The Inclusivity Resource Center (IRC) opened October 2018, after student unrest and protests took place the previous year. The center acts as a hosts social justice trainings for students, workshops, as well as counseling services. Student organizations can also reserve the main room in the center. 

The center also hosts events sponsored by the Office of Multicultural Affairs, including four heritage month celebrations, Common Ground Dialogues where students engage in peer-led open discussions about different societal issues and the Diversity Peer Education program. 

Monique Jerrigan, the executive director of the Office of Multicultural Affairs, describes the role of the IRC as not only being the place where these events are hosted, but as a safe space for students across campus.

“We are already an inclusive institution, but we need to become more inclusive. The reason that the center was created was because students were saying that, ‘hey, I don’t feel included, I don’t feel supported, you’re not seeing me.’” Jerrigan continued in her opening remarks to the center’s visitors. 

The center is also home to a counseling center in partnership with the Center for Counseling and Consultation located in Marillac, where students can meet with Dr. Janine O’Brian for twenty minute walk-in counseling sessions on Tuesdays. 

“It is an opportunity to get away from the hustle and bustle of Marillac, it’s much calmer here, it’s a lot more serene. Hopefully more students come, if they need to see a counselor they can come here.” Elizabeth Ponce de Leon, department assistant at the Office of Multicultural Affairs, said.

“A whole lot is always going on here, it’s always something different, and students are more than welcome to come and hang out, or even reserve the space.” She continued. 

It is also home to the only two gender neutral bathrooms on campus. 

“I am a trans person, and I actually really appreciate the gender neutral bathrooms that they have here, so I actually come here whenever I feel uncomfortable using a public restroom,” Andy Ma said, junior and president of Spectrum. “But in general, all the people here are really nice, so I enjoy coming here when I need a breather.”

In an address to those present at the mixer, Ma spoke of the student protests that had taken place in the years prior, both on Queens campus and the Staten Island campus in the years he has been a student.

“I remember feeling like, students need to help other students, they need to make each other feel like this campus is a place where they can feel accepted and comfortable,” He said. “And so, the thing about the IRC is that it’s a very important space.

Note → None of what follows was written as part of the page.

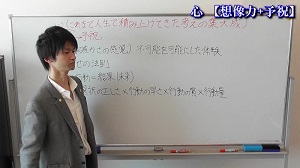 「心 【想像力+予祝】①」
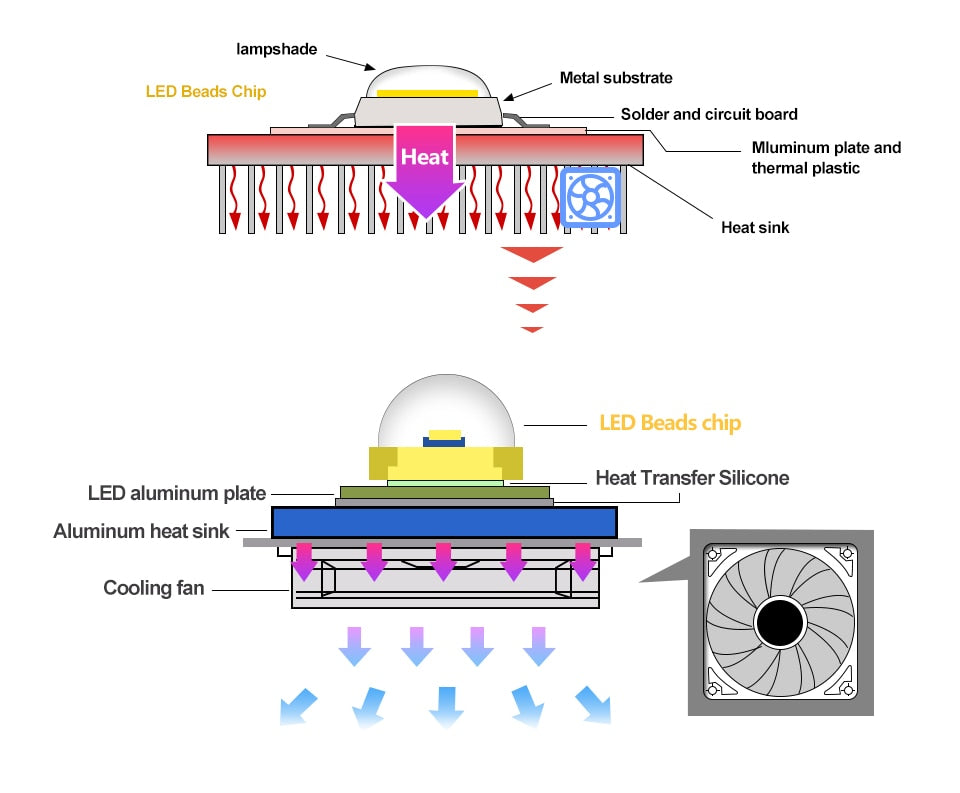 LED COB Lamp 10W 20W 30W 50W Real AC 220V 230V IP65 Smart IC DIY LED Bulb Flood Light Spotlight For Projectors Driver Light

I really, really appreciate it being here, because it is a space for people of color, people in the LGBT community, and for people in general who are of minority status to come here and feel accepted and welcome.” 

As for the future development of the IRC, the center is now in the process of trying to brand themselves on campus – with a seven-to-eight-person student worker team, the center is working to use social media to raise awareness about their presence on campus. They are also looking to have signature IRC events. 

“I hope that we can extend our reach to more people, and more people come here and use this space as much as they can.” Ma said.

“We are open for the feedback,” Jerrigan said. “We want to make sure everything we do is we do is for the students – student center, student first.”